Sejak Reformasi di akhir abad 20, bangsa Indonesia sudah benar-benar menjadi
dewasa. Maka skala demokrasi modern mereka cukup hanya mengakomodasi hak
warganegara yang berjenis makhluk manusia, sehingga mekanismenya jauh lebih
simpel. Sedangkan makhluk-makhluk lain yang bukan manusia, dari Malaikat
sampai hewan, tidak memiliki hak gugat terhadap keputusan demokrasi modern
umat manusia, karena Tuhan sudah memberi mandat penuh – ibarat Duta Besar
Berkuasa Penuh – kepada manusia untuk menjadi khalifatullah fil-ardl,
mandataris Tuhan di seluruh bumi.


Bahkan Iblis, makhluk sangat ganas dan sakti mandraguna yang bertugas
menjadi antagonis moralnya ummat manusia, semacam ‘sandhi-yudha’ yang
memiliki ketahanan luar biasa dalam tugasnya sebagai partner dialektika
kehidupan manusia – juga tidak melakukan protes apa-apa terhadap demokrasi
modern, terutama yang diselenggarakan di Indonesia.


***


Iblis pasti bukan tidak tahu bahwa Indonesia adalah negeri yang penduduknya
paling memiliki kedekatan dengan Allah swt. Jumlah Hajinya terbanyak seluruh
dunia.

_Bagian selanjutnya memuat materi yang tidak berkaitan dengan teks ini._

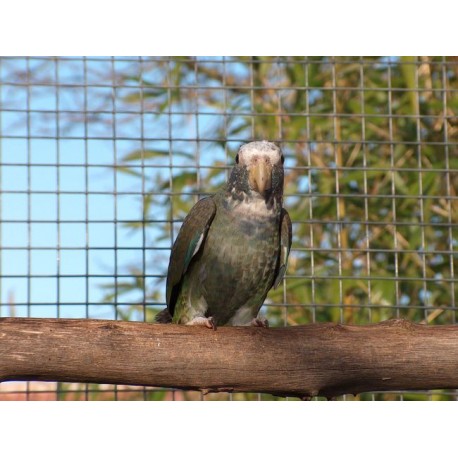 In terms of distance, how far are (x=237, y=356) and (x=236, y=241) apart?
1.68 feet

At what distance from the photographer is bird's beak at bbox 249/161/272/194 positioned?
2.68 m

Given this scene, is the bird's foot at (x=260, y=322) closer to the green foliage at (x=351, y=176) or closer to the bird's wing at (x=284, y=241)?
the bird's wing at (x=284, y=241)

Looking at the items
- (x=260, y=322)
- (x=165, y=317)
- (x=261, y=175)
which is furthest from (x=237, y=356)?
(x=165, y=317)

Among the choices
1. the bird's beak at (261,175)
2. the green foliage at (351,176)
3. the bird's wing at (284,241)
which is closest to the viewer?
the bird's beak at (261,175)

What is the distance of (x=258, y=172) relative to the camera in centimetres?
268

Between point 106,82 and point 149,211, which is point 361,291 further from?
point 106,82

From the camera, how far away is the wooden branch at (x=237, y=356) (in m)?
2.24

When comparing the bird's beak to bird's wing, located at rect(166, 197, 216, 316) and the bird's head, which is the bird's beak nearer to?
the bird's head

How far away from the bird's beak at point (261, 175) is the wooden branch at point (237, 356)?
494mm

Sangat rajin bikin pengajian massal, majlis ta’lim, istighotsah,
yasinan dan tahlilan, kursus shalat khusyu, biro pengelolaan kalbu,
tafsir-tafsir aplikatif dari surah dan ayat-ayat quosi emosi dan spirit, dan
berbagai aktivitas keagamaan lainnya yang Iblis ampun-ampun untuk berani
menerobosnya.


Maka mekanisme demokrasi modern dijalankan di Indonesia jauh lebih mulus
dibanding Negara manapun di dunia. Ditambah faktor plus yang mendasari
kekokohannya sebagai sebuah sistem bernegara yang hampir bisa dikatakan tak
mungkin bisa digoyahkan oleh apapun saja. Faktor plus itu misalnya tingkat
kependidikan masyarakat Indonesia yang sudah jauh memadai sebagai prasyarat
tumbuhnya kedewasaan demokrasi.


Matangnya kebudayaan bangsa Indonesia, sebagai individu manusia maupun
sebagai kumpulan komunitas, menjadikan pelaksanaan demokrasi sedemikian
gagahnya, penuh kemerdekaan dan kreativitas, penuh kelincahan dan
keterampilan, namun tetap berada dalam kontrol bersama yang komprehensif di
antara semua kelompok, segmen, strata dan kantung-kantung lain bangsa
Indonesia.


***

Demokrasi di tangan bangsa Indonesia bagaikan bola di kaki Maradona, tongkat
ganda di tangan Bruce Lee, bola basket di tangan Kareem Abdul Jabbar atau
Michael Jordan, mobil Formula-1 di kendali Schumacher, Ayrton Senna atau
Fernando Alonso. Kalau mau agak puitis, demokrasi bagi bangsa Indonesia itu
bak gelombang di pangkuan samudera, bak panas di ujung lidah api, bak kokok
di tenggorokan ayam, atau auman di mulut harimau.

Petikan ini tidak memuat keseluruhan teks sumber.